Food deserts emerge from multiple overlapping causes: zoning decisions, neighbourhood disinvestment, inadequate public transit, and market dynamics in a highly concentrated grocery sector. Among these factors, restrictive property covenants are uniquely opaque. When a grocery chain vacates a location, it may register a covenant on the property title prohibiting future grocery use for decades[9]. A 2026 CBC Marketplace investigation found property controls registered by Loblaw, Sobeys, and Metro across Canada — including covenants that ban the sale of fresh food within five kilometres of a store[1]. We do not yet know the full scope of these practices in Regina. One of LENTIL's goals is to help find out.

Section 2

Common Questions, and What the Evidence Shows

“Food banks and charitable programs solve food insecurity.”

Low-cost or charitable food programs offer short-term relief but do not reduce household food insecurity because they do not address the root cause: financial strain[6].

“If income is the main driver, why focus on geography?”

Income and geography are not separate issues. They compound each other. Low-income households in food deserts face both price constraints and access constraints. A family with limited income and limited transportation options cannot comparison shop, buy in bulk, or take advantage of sales at distant stores.

Moreover, research suggests restrictive covenants may cluster in areas where communities have less political power to resist them, often the same low-income areas that would benefit most from competition and choice.

Addressing geography does not replace addressing income. But ignoring geography means ignoring a barrier that policy can directly address.

“People who are food insecure just need to budget better.”

Households experiencing food insecurity are actually twice as likely to report shopping with a food budget and have similar food skills compared to food-secure households[6].

“Food insecurity only affects people who are unemployed.”

In Saskatchewan, of those who are food insecure, over half (63.5%) rely on wages, salaries, or self-employment as their primary income source[6].

“These clauses only apply to a few properties.”

In concentrated markets like Canada's, even one blocked property can eliminate access for an entire neighbourhood. With only five major chains controlling the vast majority of grocery retail, strategic placement of covenants has outsized impact.

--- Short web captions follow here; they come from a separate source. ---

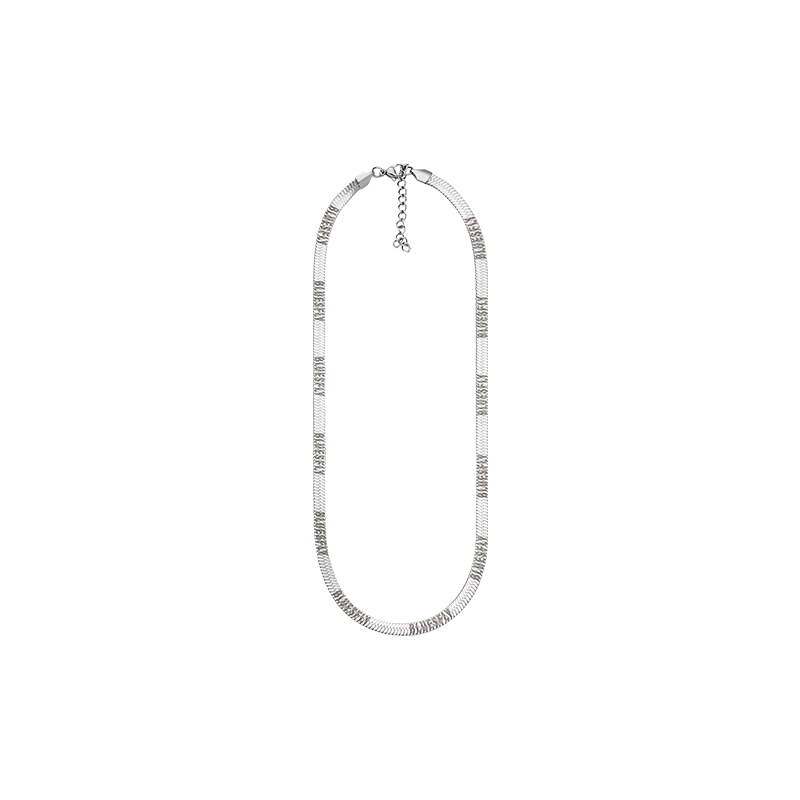 Steel Flow Necklace  #BF116
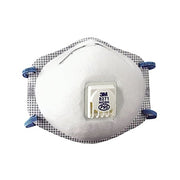 3M 8271 P95 particulate respirator, half facepiece with exhalation valve, white cup-style respirator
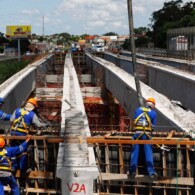 Em ampliação, viaduto sobre a linha do trensurb começa a tomar forma - Foto: Itamar Aguiar / Palácio Piratini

Chicago's 2014 study found dozens of active covenants across the city, many in food desert areas. Washington D.C. identified similar patterns. Leslie documents cases where a single restrictive covenant can “effectively prevent any replacement supermarket from entering the neighborhood”[3]. These are not isolated cases, and research suggests they are common industry practice.

“Companies have a right to protect their investments.”

Property rights have never been absolute. We already restrict land use through zoning, environmental regulations, and public health codes. When private contracts create public harms (reduced food access, increased health costs, concentrated poverty) the public interest is a legitimate consideration.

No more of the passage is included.